3.4.3 Treatment of qualitative research
We do not plan to include qualitative research.
REVIEW AUTHORS
ROLES AND RESPONSIBLIITIES
Who is responsible for the below areas? Please list their names: Content: Lawson, Berrick Systematic review methods: Maynard, Lawson Statistical analysis: Maynard Information retrieval: Lawson, Maynard
SOURCES OF SUPPORT
No support has been requested or is planned at this time.
DECLARATIONS OF INTEREST
Dr. Lawson and Dr. Berrick were previously engaged in planning a primary research study on CASA in California. The project (active from January 2011 to December 2012) was funded by the Walter S. Johnson foundation and was intended to be a randomized controlled trial to study the effect of CASA on case outcomes. The study was not executed because the researchers were unable to obtain approval from judges and agencies in enough jurisdictions to gather a sufficient sample size for the study.
With approval from their funding source, Dr. Lawson and Dr. Berrick subsequently used a portion of the study funding to consult with California CASA on the CASA administrative database to implement changes that would allow for better tracking of individual child outcomes in multiple domains over time for children referred for CASA services.
Dr. Lawson and Dr. Berrick have previously published a (non-systematic) review of the CASA literature.
PRELIMINARY TIMEFRAME
It is estimated that this review will be completed within 12 months following approval of the protocol.
PLANS FOR UPDATING THE REVIEW
The lead reviewer will be responsible for updating the review approximately every 3-5 years.
AUTHOR DECLARATION
By completing this form, you accept responsibility for preparing, maintaining and updating the review in accordance with Campbell Collaboration policy. The Campbell Collaboration will provide as much support as possible to assist with the preparation of the review.

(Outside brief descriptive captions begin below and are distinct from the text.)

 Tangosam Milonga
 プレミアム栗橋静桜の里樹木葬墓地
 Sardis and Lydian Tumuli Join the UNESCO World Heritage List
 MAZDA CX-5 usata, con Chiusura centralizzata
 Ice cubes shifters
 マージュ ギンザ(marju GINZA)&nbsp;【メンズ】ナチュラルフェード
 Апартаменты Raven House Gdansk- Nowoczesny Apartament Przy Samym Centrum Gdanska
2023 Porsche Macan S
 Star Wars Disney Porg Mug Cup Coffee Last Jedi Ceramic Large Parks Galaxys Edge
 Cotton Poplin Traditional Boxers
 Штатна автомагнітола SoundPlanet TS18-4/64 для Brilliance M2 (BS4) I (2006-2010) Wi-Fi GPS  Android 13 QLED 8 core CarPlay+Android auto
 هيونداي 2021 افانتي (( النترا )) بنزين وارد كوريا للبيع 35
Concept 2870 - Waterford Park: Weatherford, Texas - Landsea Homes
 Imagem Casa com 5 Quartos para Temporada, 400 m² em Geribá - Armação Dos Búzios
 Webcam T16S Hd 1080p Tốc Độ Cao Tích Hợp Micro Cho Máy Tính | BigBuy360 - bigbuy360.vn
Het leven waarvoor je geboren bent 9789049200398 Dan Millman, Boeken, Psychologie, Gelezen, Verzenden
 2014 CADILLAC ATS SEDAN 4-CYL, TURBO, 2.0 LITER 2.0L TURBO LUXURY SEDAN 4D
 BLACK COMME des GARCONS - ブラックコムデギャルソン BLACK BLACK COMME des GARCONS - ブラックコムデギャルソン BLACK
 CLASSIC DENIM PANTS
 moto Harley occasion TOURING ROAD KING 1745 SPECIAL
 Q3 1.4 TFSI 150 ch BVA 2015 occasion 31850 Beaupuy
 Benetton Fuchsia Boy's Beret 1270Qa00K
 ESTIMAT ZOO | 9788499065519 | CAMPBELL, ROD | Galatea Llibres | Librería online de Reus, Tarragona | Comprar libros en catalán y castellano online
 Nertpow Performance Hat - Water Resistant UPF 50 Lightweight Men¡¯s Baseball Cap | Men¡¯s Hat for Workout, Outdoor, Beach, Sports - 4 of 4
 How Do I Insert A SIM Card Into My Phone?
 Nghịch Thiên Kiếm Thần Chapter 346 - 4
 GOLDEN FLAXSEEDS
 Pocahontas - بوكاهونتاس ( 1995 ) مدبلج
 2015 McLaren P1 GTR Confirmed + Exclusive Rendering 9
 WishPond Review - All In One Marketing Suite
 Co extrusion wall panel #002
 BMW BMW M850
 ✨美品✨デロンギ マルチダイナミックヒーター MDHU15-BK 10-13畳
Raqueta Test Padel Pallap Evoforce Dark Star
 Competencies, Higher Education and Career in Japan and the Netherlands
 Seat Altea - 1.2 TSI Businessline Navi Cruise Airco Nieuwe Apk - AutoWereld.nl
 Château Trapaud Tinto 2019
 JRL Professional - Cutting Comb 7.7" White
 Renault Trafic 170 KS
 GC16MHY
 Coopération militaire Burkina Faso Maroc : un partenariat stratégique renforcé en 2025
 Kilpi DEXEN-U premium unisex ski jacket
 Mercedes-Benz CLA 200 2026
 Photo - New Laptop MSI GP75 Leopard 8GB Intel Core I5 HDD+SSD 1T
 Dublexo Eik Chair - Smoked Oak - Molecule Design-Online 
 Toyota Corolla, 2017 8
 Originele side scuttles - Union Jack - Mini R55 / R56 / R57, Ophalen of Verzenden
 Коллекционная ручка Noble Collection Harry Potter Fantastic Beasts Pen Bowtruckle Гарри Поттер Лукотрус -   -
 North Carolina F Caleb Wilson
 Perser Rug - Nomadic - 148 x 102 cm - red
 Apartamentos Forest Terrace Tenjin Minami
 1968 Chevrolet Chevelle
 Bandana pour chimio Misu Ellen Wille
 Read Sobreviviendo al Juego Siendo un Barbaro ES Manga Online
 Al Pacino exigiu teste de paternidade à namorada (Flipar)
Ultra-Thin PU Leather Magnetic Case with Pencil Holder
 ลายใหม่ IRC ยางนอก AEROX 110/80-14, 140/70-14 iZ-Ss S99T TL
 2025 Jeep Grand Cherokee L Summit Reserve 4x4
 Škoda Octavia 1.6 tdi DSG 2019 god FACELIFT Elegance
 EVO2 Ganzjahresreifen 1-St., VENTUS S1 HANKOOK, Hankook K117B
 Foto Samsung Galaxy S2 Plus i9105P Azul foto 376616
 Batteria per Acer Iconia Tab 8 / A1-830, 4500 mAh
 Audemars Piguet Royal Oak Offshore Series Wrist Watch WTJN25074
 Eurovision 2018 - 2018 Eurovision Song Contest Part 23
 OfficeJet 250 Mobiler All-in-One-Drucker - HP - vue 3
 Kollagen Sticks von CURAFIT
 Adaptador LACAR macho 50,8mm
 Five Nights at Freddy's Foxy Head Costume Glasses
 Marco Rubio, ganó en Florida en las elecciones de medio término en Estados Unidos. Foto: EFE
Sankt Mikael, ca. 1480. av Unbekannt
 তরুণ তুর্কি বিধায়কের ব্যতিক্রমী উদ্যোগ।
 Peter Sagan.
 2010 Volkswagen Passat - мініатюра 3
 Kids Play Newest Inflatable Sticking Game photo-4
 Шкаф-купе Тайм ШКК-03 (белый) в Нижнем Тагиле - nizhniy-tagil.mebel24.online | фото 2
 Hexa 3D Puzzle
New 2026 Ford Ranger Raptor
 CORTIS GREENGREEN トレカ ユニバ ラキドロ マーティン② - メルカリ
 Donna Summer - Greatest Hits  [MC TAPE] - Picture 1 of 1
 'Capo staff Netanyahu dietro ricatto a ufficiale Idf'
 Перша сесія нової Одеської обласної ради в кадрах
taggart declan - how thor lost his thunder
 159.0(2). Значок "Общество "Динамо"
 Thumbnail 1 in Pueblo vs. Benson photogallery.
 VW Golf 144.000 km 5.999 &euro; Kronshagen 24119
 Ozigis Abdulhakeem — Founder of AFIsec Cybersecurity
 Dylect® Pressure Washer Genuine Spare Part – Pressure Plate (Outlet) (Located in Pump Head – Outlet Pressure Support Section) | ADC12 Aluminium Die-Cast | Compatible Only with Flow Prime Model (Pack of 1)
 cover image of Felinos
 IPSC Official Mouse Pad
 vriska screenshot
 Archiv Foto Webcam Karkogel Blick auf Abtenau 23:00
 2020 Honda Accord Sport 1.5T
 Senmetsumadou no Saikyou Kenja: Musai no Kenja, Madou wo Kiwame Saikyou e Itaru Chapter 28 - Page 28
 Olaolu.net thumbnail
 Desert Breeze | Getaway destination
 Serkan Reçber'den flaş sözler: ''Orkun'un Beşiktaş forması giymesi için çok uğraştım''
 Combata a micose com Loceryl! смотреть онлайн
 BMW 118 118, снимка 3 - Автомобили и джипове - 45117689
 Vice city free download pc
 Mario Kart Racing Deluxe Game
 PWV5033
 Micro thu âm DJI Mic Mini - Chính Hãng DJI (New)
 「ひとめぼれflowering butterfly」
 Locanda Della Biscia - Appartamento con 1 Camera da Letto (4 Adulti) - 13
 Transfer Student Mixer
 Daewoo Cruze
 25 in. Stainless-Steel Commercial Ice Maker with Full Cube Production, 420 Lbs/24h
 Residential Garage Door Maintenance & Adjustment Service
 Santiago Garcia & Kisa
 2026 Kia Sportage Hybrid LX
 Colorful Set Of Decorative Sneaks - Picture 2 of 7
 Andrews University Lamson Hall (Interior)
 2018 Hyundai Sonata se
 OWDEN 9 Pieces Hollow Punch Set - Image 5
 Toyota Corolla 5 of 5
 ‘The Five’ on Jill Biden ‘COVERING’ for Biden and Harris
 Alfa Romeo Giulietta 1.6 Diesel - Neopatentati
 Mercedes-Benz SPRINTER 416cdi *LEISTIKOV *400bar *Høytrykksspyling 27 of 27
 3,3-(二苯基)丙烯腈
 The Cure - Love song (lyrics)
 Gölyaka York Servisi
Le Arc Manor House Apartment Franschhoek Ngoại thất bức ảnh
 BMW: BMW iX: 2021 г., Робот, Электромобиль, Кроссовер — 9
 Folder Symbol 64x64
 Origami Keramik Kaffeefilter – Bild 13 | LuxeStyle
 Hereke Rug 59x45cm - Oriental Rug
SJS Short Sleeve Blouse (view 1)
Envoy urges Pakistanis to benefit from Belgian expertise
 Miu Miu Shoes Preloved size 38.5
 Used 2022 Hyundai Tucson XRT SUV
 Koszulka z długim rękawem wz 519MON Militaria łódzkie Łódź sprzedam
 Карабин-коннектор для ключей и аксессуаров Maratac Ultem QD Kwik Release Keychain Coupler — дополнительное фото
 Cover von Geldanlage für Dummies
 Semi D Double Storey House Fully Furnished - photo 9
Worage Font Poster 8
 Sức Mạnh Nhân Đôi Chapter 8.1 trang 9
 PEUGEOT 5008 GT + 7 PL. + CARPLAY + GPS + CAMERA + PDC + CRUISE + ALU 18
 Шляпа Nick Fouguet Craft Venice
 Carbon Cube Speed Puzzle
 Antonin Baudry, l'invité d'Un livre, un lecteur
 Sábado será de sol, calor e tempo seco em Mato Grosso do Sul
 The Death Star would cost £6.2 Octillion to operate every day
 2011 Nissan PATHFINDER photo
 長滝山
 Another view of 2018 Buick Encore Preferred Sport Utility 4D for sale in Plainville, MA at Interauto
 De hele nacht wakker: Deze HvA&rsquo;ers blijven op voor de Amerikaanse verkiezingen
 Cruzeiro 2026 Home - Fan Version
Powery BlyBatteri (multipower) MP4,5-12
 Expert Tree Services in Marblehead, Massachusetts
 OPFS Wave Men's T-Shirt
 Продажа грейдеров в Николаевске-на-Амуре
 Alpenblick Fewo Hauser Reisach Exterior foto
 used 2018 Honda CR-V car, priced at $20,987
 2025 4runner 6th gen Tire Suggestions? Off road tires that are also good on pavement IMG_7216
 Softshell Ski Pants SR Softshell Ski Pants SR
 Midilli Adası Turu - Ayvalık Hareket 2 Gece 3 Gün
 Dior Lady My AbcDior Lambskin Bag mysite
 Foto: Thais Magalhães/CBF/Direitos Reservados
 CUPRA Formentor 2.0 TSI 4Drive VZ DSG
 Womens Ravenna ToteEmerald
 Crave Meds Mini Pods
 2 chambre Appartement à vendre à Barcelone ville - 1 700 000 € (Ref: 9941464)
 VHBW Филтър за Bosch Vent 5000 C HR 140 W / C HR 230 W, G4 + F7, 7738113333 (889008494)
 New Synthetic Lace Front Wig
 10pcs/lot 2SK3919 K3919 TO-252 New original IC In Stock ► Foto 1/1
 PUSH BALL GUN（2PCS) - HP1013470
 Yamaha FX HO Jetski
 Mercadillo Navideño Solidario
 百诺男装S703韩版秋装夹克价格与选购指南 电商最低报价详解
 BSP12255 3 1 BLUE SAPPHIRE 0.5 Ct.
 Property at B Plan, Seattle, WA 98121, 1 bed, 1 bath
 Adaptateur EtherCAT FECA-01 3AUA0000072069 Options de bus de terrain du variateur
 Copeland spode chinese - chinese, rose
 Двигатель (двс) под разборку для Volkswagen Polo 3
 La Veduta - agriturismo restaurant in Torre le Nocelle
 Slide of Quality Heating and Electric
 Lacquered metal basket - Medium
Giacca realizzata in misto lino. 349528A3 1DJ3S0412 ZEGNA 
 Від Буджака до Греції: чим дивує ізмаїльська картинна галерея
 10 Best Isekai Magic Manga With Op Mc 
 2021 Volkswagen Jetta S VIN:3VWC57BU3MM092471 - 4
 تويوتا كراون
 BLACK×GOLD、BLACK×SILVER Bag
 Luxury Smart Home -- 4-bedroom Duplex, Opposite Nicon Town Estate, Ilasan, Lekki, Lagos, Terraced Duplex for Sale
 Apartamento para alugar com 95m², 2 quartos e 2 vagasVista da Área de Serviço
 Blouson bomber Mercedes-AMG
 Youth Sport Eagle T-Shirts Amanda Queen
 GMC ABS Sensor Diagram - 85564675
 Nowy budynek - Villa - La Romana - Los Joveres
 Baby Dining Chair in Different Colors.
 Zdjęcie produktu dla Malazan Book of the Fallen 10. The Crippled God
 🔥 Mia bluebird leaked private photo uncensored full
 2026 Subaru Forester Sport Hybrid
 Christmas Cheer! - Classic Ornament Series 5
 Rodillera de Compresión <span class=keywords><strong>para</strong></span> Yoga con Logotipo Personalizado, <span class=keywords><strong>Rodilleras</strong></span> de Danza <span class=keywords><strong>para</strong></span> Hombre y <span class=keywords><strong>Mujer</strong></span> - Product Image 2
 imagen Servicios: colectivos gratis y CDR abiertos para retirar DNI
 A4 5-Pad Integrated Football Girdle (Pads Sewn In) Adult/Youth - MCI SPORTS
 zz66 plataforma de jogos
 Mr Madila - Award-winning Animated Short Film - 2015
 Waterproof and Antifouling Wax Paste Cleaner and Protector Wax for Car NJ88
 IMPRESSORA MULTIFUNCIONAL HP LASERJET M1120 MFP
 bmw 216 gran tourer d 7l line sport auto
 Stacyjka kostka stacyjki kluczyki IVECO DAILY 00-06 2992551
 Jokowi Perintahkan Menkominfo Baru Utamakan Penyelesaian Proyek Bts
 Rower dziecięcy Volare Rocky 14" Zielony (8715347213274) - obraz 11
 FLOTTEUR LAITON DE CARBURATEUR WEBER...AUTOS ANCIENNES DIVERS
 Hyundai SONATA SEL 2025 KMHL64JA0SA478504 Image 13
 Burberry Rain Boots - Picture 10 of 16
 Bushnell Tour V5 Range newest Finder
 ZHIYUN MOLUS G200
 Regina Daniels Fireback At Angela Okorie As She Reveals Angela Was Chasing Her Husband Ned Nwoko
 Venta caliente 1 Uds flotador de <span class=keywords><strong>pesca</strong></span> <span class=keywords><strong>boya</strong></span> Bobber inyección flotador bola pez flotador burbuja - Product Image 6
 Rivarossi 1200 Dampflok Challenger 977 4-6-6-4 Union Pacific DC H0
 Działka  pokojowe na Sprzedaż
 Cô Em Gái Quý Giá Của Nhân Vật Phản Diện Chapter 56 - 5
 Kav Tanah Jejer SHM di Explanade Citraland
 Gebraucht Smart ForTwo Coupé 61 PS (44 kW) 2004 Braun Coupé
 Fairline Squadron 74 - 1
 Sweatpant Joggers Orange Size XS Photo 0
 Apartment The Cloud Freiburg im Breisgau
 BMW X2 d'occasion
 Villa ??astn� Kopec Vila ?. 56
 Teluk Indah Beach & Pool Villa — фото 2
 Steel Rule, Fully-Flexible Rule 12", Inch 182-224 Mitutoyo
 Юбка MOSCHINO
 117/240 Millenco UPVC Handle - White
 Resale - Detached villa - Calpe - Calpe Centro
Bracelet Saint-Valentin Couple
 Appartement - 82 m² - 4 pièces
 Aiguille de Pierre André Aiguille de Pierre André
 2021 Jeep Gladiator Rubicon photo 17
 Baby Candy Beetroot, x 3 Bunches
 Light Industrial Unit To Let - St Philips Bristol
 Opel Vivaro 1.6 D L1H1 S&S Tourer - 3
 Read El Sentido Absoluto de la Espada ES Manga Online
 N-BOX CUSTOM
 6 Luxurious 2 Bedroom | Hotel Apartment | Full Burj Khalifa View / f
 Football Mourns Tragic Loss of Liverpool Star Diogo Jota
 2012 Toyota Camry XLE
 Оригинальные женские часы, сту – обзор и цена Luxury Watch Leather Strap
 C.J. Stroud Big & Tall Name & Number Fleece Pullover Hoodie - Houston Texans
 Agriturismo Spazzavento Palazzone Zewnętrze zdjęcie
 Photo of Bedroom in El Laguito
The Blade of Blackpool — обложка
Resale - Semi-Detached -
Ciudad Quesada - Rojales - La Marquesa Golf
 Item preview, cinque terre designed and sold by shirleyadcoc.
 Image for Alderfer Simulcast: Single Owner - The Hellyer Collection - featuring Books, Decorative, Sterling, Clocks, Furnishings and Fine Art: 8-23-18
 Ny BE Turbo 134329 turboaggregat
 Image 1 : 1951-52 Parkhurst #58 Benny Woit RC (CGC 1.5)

A draft review must be submitted to the relevant Coordinating Group within two years of protocol publication. If drafts are not submitted before the agreed deadlines, or if we are unable to contact you for an extended period, the relevant Coordinating Group has the right to de-register the title or transfer the title to alternative authors. The Coordinating Group also has the right to de-register or transfer the title if it does not meet the standards of the Coordinating Group and/or the Campbell Collaboration.
You accept responsibility for maintaining the review in light of new evidence, comments and criticisms, and other developments, and updating the review at least once every five years, or, if requested, transferring responsibility for maintaining the review to others as agreed with the Coordinating Group.
The support of the Coordinating Group in preparing your review is conditional upon your agreement to publish the protocol, finished review, and subsequent updates in the Campbell Library. The Campbell Collaboration places no restrictions on publication of the findings of a Campbell systematic review in a more abbreviated form as a journal article either before or after the publication of the monograph version in Campbell Systematic Reviews. Some journals, however, have restrictions that preclude publication of findings that have been, or will be, reported elsewhere and authors considering publication in such a journal should be aware of possible conflict with publication of the monograph version in Campbell Systematic Reviews. Publication in a journal after publication or in press status in Campbell Systematic Reviews should acknowledge the Campbell version and include a citation to it. Note that systematic reviews published in Campbell Systematic Reviews and co-registered with the Cochrane Collaboration may have additional requirements or restrictions for co-publication. Review authors accept responsibility for meeting any co-publication requirements.